Il premio Nobel a Narges Mohammadi
Il Comitato del Nobel aveva assegnato il premio a inizio ottobre all’attivista per “la sua lotta contro l’oppressione delle donne in Iran e la sua lotta per promuovere i diritti umani e la libertà per tutti”. Mohammadi è nata a Zanjan nel 1972, è laureata in fisica ed è membro dell’ong Centro dei difensori dei diritti umani, la cui fondatrice Shirin Ebadi è stata anche lei premiata con il Nobel. Mohammadi ha messo al centro del suo attivismo i diritti dei carcerati e l’abolizione della pena di morte. È stata arrestata 13 volte e condannata cinque volte per complessivi 13 anni di prigione. Secondo le accuse di familiari e attivisti è stata sottoposta anche a pene corporali, come quella di 154 frustate.
Le proteste in Iran
Ha appoggiato le proteste esplose nell’ultimo anno in Iran dopo il caso della 22enne Mahsa Amini, a metà settembre 2022, una ragazza curda arrestata in un parco Teheran dalla polizia morale perché indossava male il velo e morta mentre si trovava in stato di detenzione.

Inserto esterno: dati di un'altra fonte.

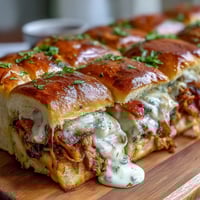 Warm sliders with turkey, bacon, and creamy Mornay sauce on soft brioche buns, garnished with fresh parsley.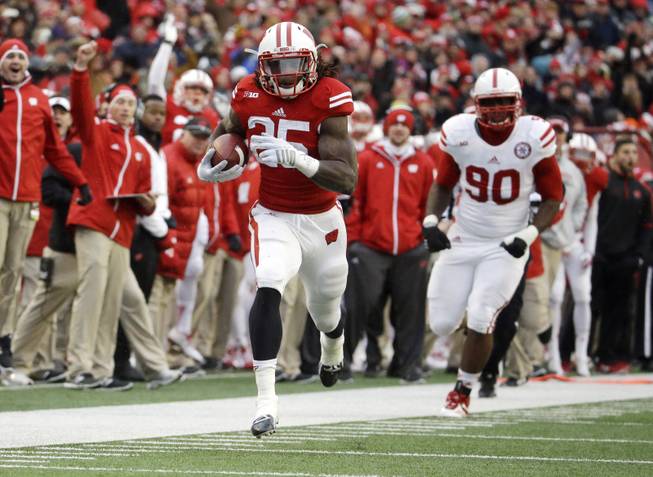 Wisconsin's Melvin Gordon during the first half of an NCAA college football game against Nebraska Saturday, Nov. 15, 2014, in Madison, Wis. (AP Photo/Morry Gash)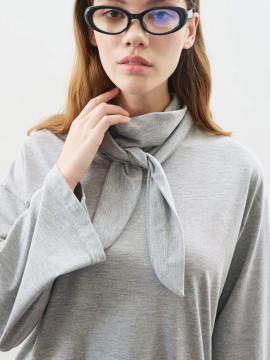 Manuka blouse with high collar and bow closure.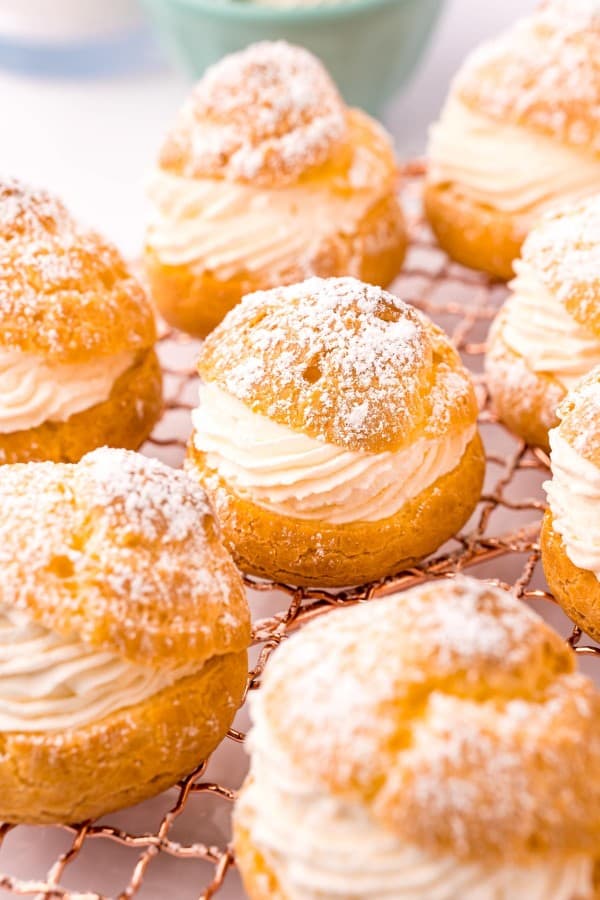 cream puffs filled with whipped cream on a wire rack.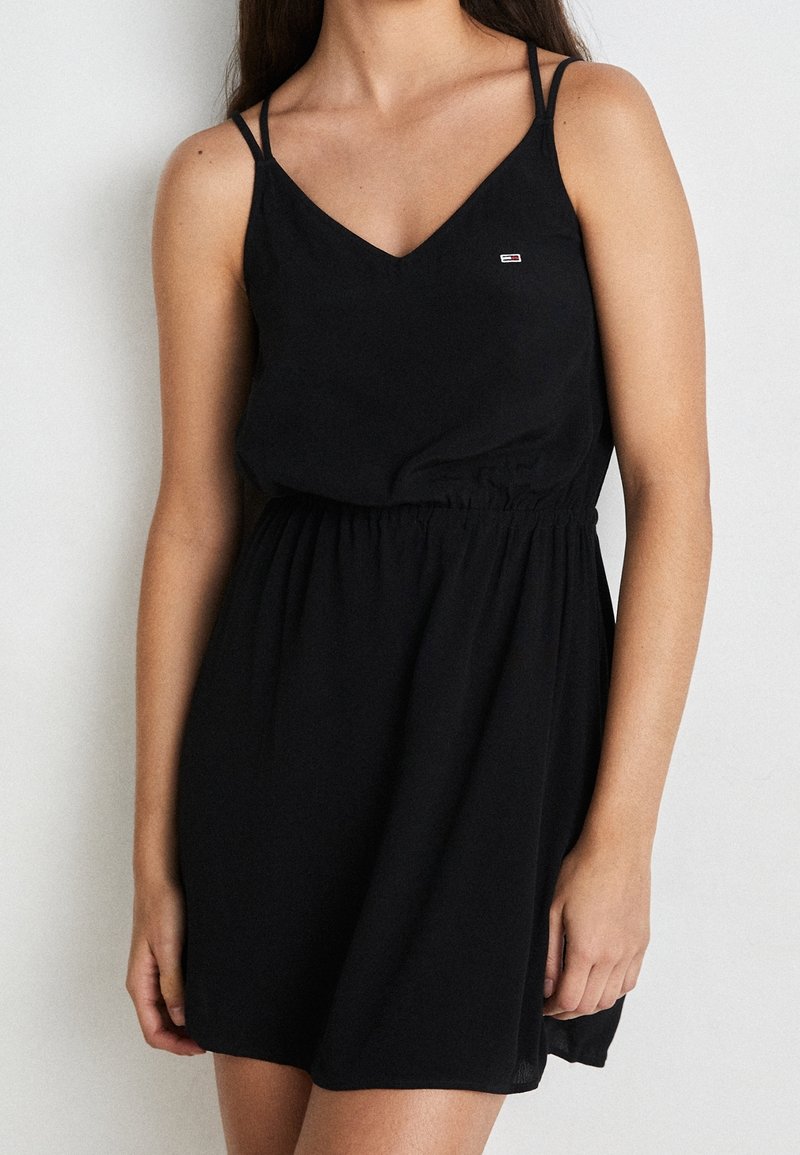 Czarna sukienka z dekoltem w serek, cienkimi ramiączkami i elastycznym pasem. Wykonana z lekkiego materiału o prostym, zwiewnym fasonie.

Lo scorso 28 ottobre l’agenzia di stampa iraniana IRNA aveva confermato la morte della 16enne Armita Geravand, che secondo diverse organizzazioni attive per il rispetto dei diritti umani sarebbe stata picchiata dalla polizia perché non portava il velo islamico nella metropolitana di Teheran. Un video aveva ripreso il momento del malore che però inquadrava soltanto l’esterno del treno e la banchina. Si vedeva la ragazza che scendeva e si piegava prima che venisse trasportata in barella. La ragazza era finita in coma, le autorità avevano parlato di un malore.